Where we do agree, however, is that the "moral terrain we should all stake and reform is ...MTV-land." But McWhorter overlooks the fact that it is the far right who are on record as objecting to the "outrage of Britney," Paris Hilton, and the Dixie Chicks. And it is the Democrats who encourage and support the likes of Michael Moore and Whoopee Goldberg. McWhorter selects Fox reality shows, of course, ignoring Bravo (NBC's affiliate) with its "Queer Eye" and other offenses. "Trading Spouses" is another network abomination and nearly all the reality shows reek with disgusting and disrespectful behavior in which women, especially, are exploited.
But now we come to the crux of the entire matter and that is this writer's total lack of comprehension of what the war against terror is all about. "Then again," she writes after wondering why Carl Rove hasn't already taken up arms against reality TV, "the President's men may be inhibited by the fact that our grotesque trash culture, along with our freedom, is what the terrorists hate." That's not what they hate. They hate that we are not Muslims. Since we aren't, we are, by definition, infidels. They could care less about our freedom or our culture. They hate us because we are not them. That's pretty basic.
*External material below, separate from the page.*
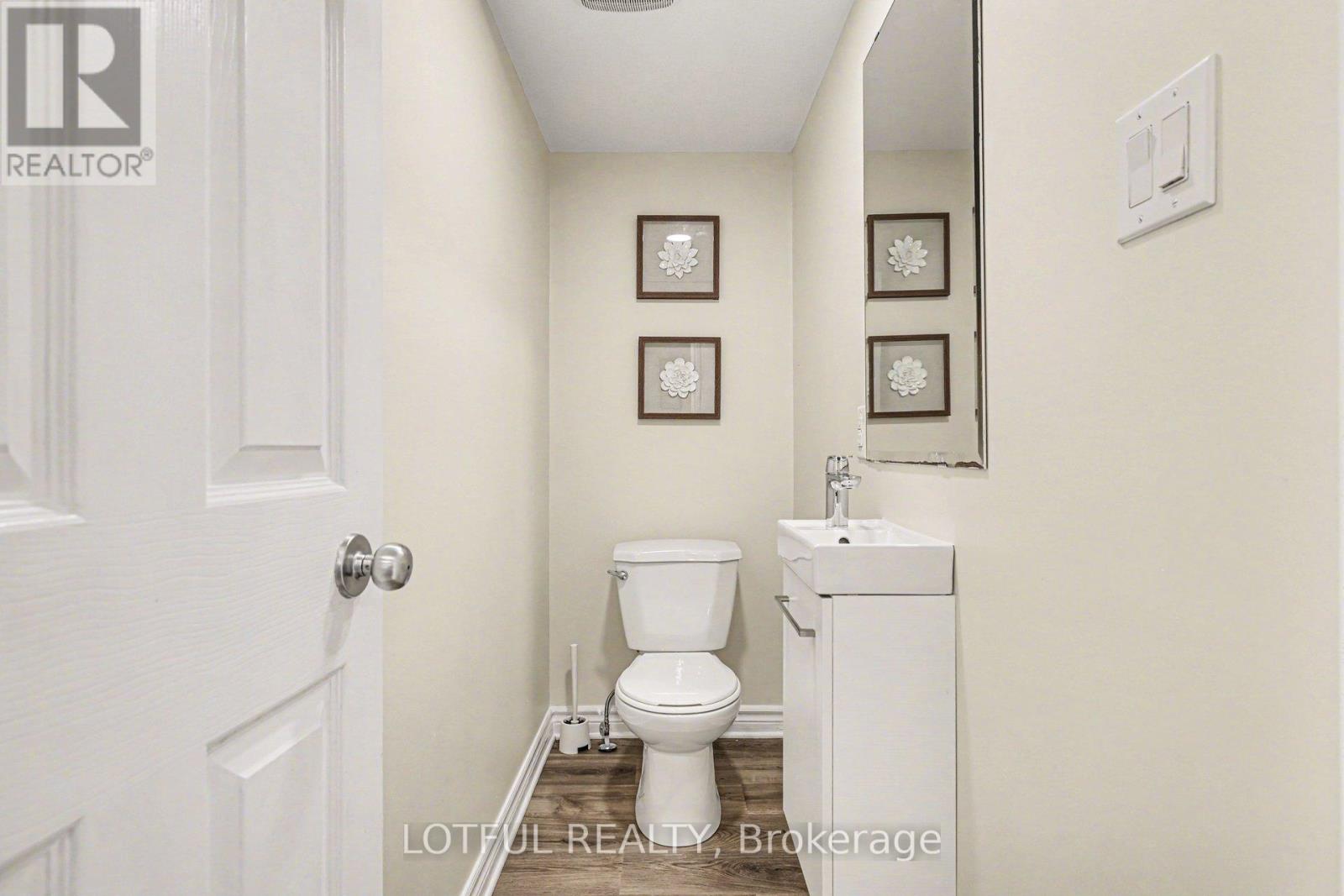 513 Paul Metivier Drive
If we were hated because of TV, our moral-less society, or our freedom we could appease the terrorists by giving up those things. But we are hated simply because we exist. There is no way to appease them. The only thing they understand is "eye for an eye." There's a good reason why the Spanish and the Australians suffered terrorist attacks but all we got from Bin Laden was a video tape before our elections.
But Diane's original premise is wrong from the outset. Americans don't hate Democrats. They just don't appreciate the candidates Democrats give us. Kerry was a traitor to his country back in the '70s when he met with the Viet Cong in Paris while the war was still raging. According to Article 14, Section 3 of the Bill of Rights, he has no right to serve in Congress, much less run for President. Kerry was saved from examination of that premise by Richard Nixon, who nixed a suggested investigation of the issue because did not want another inflammatory problem at the time. Too bad, it would have saved us a lot of unnecessary trouble recently.
Al Gore was a dumb opportunist; John Kerry is a liar. The Democrats need to get rid of Terry McAuliffe, James Carville, Nancy Pelosi, the Clintons, and all the other shady characters and vow to come clean. Until they do so, they don't deserve the respect -- or the votes -- of the American people.